Contoso wants to protect the servers and Kubernetes clusters that it has connected to Azure Arc. By using Microsoft Sentinel, Contoso can collect security-related events for their Arc-enabled servers, providing alert detection, threat visibility, and other benefits. Contoso can also use Microsoft Defender for Servers to monitor the security posture of their Arc-enabled servers, while also helping to secure their Kubernetes clusters through Microsoft Defender for Containers.

Azure Arc security with Microsoft Sentinel

Microsoft Sentinel is an integrated SIEM (scalable, cloud-native, security information, and event management) and a SOAR (security orchestration, automation, and response) solution. Microsoft Sentinel delivers threat intelligence, providing a single solution for attack detection, proactive hunting, and threat response. It provides a birds-eye view across the enterprise, alleviating the stress of increasingly sophisticated attacks, increasing volumes of alerts, and long resolution time frames.

The benefits of Microsoft Sentinel include:

  • Collect data at cloud scale across all users, devices, applications, and infrastructure, both on-premises and in multiple clouds.
  • Detect previously undetected threats and minimize false positives using Microsoft's analytics and unparalleled threat intelligence.
  • Investigate threats with artificial intelligence and hunt for suspicious activities at scale, tapping into years of cyber security work at Microsoft.
  • Respond to incidents rapidly with built-in orchestration and automation of common tasks.

Through Azure Arc, these benefits can extend to servers across Contoso's hybrid environment.

Microsoft Sentinel comes with several connectors for Microsoft solutions available out of the box and providing real-time integration.

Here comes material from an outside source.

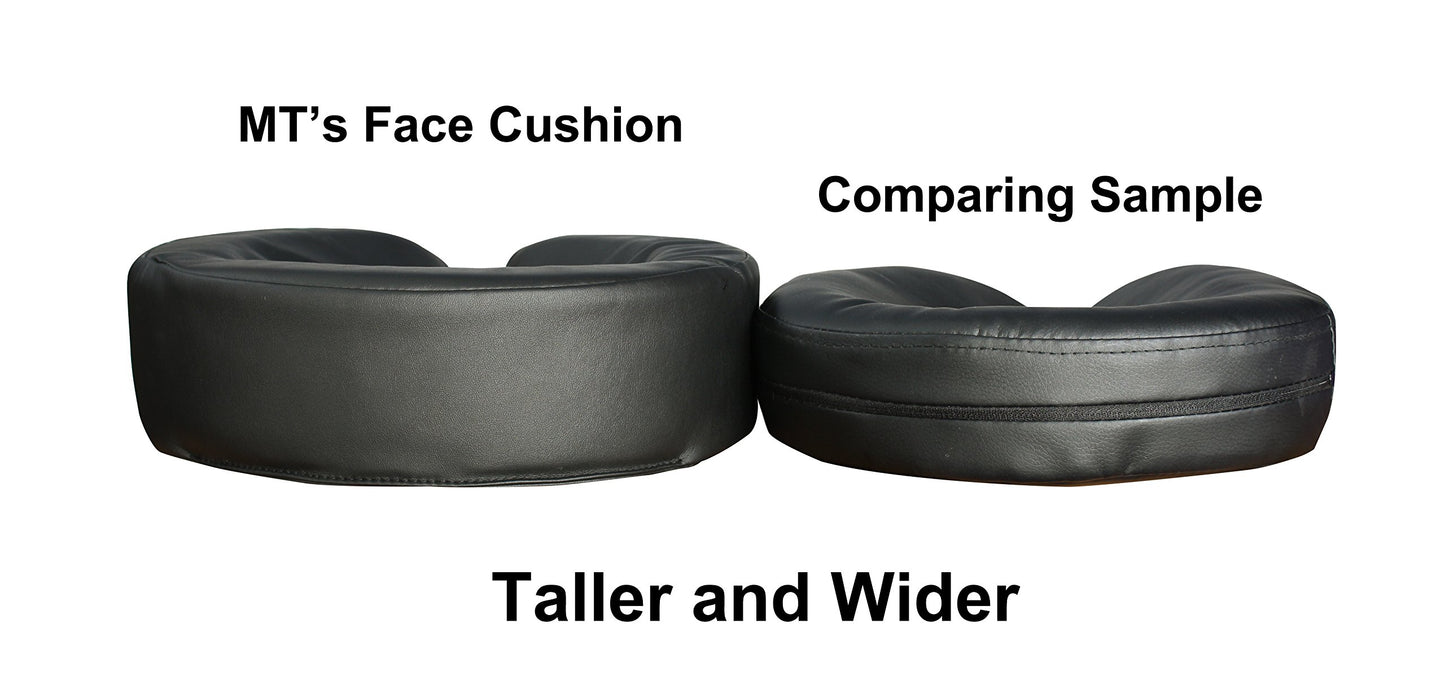 Master Massage Face Cushion/Face Pillow for Massage Table-Purple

For physical and virtual machines, you install the Log Analytics agent that collects the logs and forwards them to Microsoft Sentinel.

After your Azure Arc-enabled servers have been connected to the Log Analytics workspace and Microsoft Sentinel has been enabled, you can set up data connectors to start ingesting logs.

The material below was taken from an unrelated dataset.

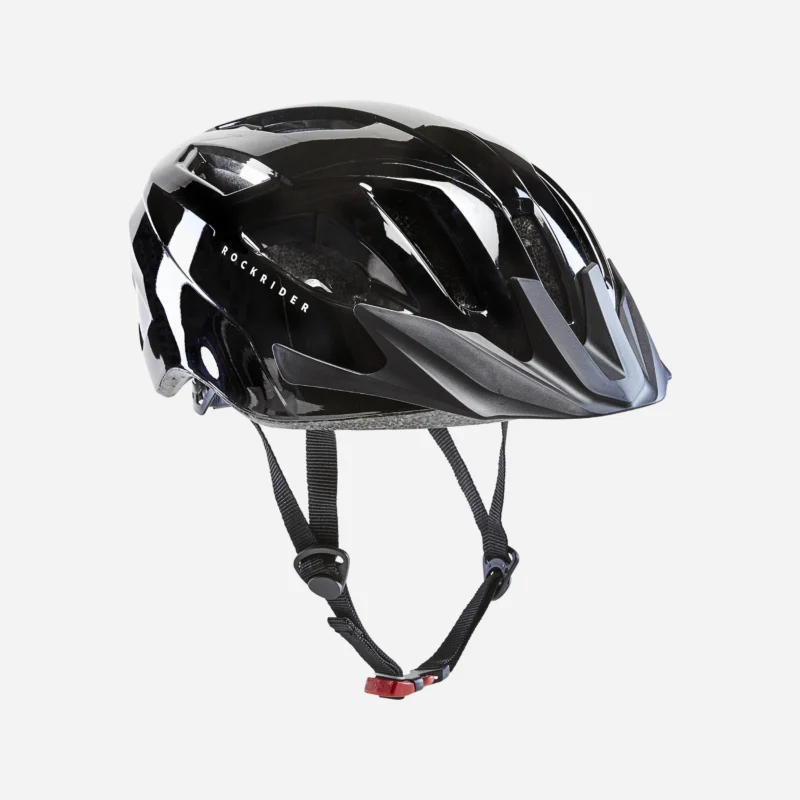 Fahrradhelm Mountainbike Expl 50 schwarz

Contoso can use Microsoft Sentinel's threat detection templates to create their own rules for detecting suspicious activity. These rule templates are based on known threats and common attack vectors, allowing Contoso to create specific rules to automatically search their environment for threats. Templates can be customized to search for activities or filter them out as needed.

Azure Arc security with Microsoft Defender

Microsoft Defender for Servers and Microsoft Defender for Containers provide added threat protection for Contoso's servers and Kubernetes clusters.

Microsoft Defender for Servers is one of the enhanced security features of Defender for Cloud. Defender for Servers adds threat detection and advanced defenses to your Windows and Linux machines whether they're running in Azure, on-premises, or in a multicloud environment.

Microsoft Defender for Containers is the cloud-native solution for securing your containers. Defender for Containers protects your clusters by continuously assessing them, offering visibility into misconfigurations and providing guidelines to help mitigate identified threats. Threat protection generates security alerts for suspicious activities.